How long before Ashkenazi right-wingers start openly stating and acting upon what they always believed: that Mizrahi Jews are Arabs and therefore should be treated like draft cattle and the occasional rapetoy, with the threat of systemic slaughter as the one-size-fits-all manner to keep the uppity plebs in their subservient place?

Looking at the picture and in light of recent events I think I would be worried if I were an ” Israeli” Jew from Ethiopia or India or an Israeli Jew with Arab colouring or Arab features.When the IDF have a shoot to kill policy if the victim looks at them in a funny way there are even more dangerous possibilities given the growth in setter vigilante activity.

BTW Take away the gun and the kippah and the one nearest to the camera looks like a bloodthirsty Palestinian terrorist to me.

Thanks for that very interesting take on Israeli society.We have known for some time that Israel is in self destruct mode but you have pointed out the many ways in which it shows.

The nearest to the front in the picture is smiling.I bet he has a Palestinian in his sights.I doubt this guy will be using his weapon strictly in defence.

Thank you, Michael Marder, for this analysis using Hobbes.
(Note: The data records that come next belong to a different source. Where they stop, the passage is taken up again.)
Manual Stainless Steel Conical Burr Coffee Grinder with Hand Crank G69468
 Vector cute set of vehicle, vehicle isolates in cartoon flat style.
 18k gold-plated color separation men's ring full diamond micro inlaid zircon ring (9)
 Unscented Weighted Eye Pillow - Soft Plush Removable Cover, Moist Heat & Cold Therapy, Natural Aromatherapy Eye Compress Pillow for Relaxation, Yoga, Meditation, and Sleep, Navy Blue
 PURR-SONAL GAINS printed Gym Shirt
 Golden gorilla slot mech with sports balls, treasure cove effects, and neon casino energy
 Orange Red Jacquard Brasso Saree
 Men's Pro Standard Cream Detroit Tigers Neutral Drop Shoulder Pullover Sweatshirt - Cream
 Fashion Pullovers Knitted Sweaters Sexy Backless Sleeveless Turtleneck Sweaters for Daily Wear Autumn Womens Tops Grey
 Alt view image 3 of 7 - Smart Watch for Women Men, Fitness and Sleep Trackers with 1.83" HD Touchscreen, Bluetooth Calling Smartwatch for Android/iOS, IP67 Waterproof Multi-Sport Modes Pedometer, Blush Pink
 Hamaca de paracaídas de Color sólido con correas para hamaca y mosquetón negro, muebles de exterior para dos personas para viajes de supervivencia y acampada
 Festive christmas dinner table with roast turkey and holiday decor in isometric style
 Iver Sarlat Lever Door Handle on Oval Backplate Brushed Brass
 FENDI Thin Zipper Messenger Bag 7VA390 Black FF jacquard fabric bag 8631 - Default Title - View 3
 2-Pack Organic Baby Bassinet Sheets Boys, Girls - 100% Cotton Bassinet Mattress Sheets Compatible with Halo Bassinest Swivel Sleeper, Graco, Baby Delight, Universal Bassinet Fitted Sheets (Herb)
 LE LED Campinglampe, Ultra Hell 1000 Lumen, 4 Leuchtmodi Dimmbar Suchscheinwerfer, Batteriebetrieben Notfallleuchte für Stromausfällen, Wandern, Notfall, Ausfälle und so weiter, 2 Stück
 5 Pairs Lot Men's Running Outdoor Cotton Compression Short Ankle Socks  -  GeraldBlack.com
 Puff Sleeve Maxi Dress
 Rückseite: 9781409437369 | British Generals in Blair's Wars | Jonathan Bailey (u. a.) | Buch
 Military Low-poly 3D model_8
I would add that the words of Jefferson, et. al., (from Locke) are also instructive, and more familiar to an audience in the States. The Declaration of Independence notes that there are Unalienable Rights that every person has simply from being a person and that a government is legitimate only if it protects those rights and,

“That whenever any Form of Government becomes destructive of these ends, it is the Right of the People to alter or to abolish it . . . ”

It is the “Right of the People.” This is followed by a list of Colonist grievances against the English King that look like children’s play when compared to what the Palestinians have endured at the hands of Israeli gangs and then governments.